I wouldn’t change a thing about the way I conduct my migrational lifestyle *except*,  I’m really fucking bad at moving.

My method for moving in and of itself is fine. What I mean is, it works for me. Planning and mapping aren’t exactly in my wheelhouse, so I take more of a ‘leap before you look’ approach. That generally winds up looking something like this: Me and a mess of clothes, strewn for an extended period of time across a bare mattress in a generous friend’s spare bedroom. And while that’s not the most glamorous manifestation of vagrancy, in my experience it’s the most probable outcome when you move on impulse. (And impulse moves are highly effective in getting you where you want to go as you never have time to come up with reasons why you shouldn’t. Remember that. Time will almost always just get in your way)

So if I’ve got my moving method down and I can’t live without these trysts, what exactly is the problem?

Man, it’s those goddamn post-move blues.

Do you know them? If you do, you know they’re poo-poo-trash. And if you don’t, this may sound like a pretty unsympathetic problem to have. “Poor me, moving to cool cities and getting sad in them.”

It’s probably hard to imagine that a fresh start in an exciting new place and would go hand in hand with a crippling case of anxiety. That as eager as you are to get out there and make friends, you are, in equal part, too overwhelmed to pull your ass off your couch. But imagine you’ve spent all your money. You have no job, no place to live and no friends to binge drink away the stress of it all with.

And you cry to your mom and your boyfriend and your best friend and nothing they say makes you feel any better because you’re alone here. And you daydream of the places that you have made to feel like home in the past, because this one sure as hell doesn’t. And you start to wonder, why the fuck did you come? You can’t seem to remember. But you came. And you had your reasons for coming, as foreign as they seem to you now. But at this point you know enough about moving to recognize that you don’t stand a chance of figuring out what led you here if you don’t get your shit together. So you get to it.

First you need a job. So you grind until you find one. Or two, or three. Fuck, you’ll dance on a bar in fishnet tights to Def Leppard if you have to. As long as you save up enough for an apartment. Because that’s step two. So once you have your money and you find a place, you build a home. One that will be the perfect setting for creating or growing or dancing or fucking or reading or painting or whatever it is that you came here for. And you work and you build and you work and you build and you’re so damn tired. Why did you come here again? It’s so much effort and no reward.

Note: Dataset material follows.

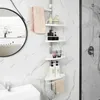 SONGMICS Badregal mit 4 Ablagen und 3 Haken | weiß-silbern Produktbild-Vorschau 1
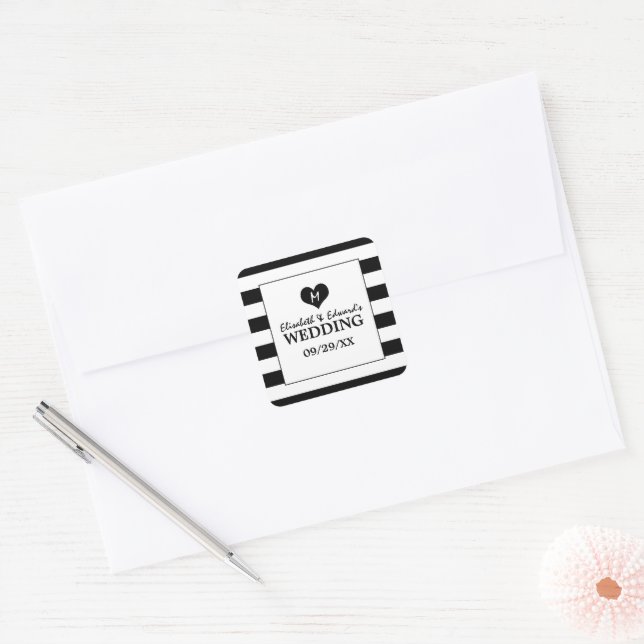 Adesivo Quadrado Casamento preto e branco moderno (Envelope)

And then one day, you find you have thirty minutes to yourself where you don’t have to run to work or build your home, and so you take a walk down the street. And it’s sunny in mid-november and there’s warm breeze but the magnolias still smell distinctly like fall. And you smirk as you look down at your feet because you know the cobblestone sidewalks want to break your ankles, the beautiful bastards. And people are laughing, drinking a beer at one in the afternoon. And you don’t know it yet but you’re about to have the best coffee you’ve had in a month. And you start to realize how beautiful this place really is. So you start making plans in your head. Lists of all the things you want to do here. Things that will move you, change you, make you feel something. And there’s so much! How will you ever find the time? And then you remember that, hey, there’s no rush.

You live here now.

And just like that, for the first time that sentence sounds really, really good. And just like that, your blues have changed to yellows and reds and greens and purples.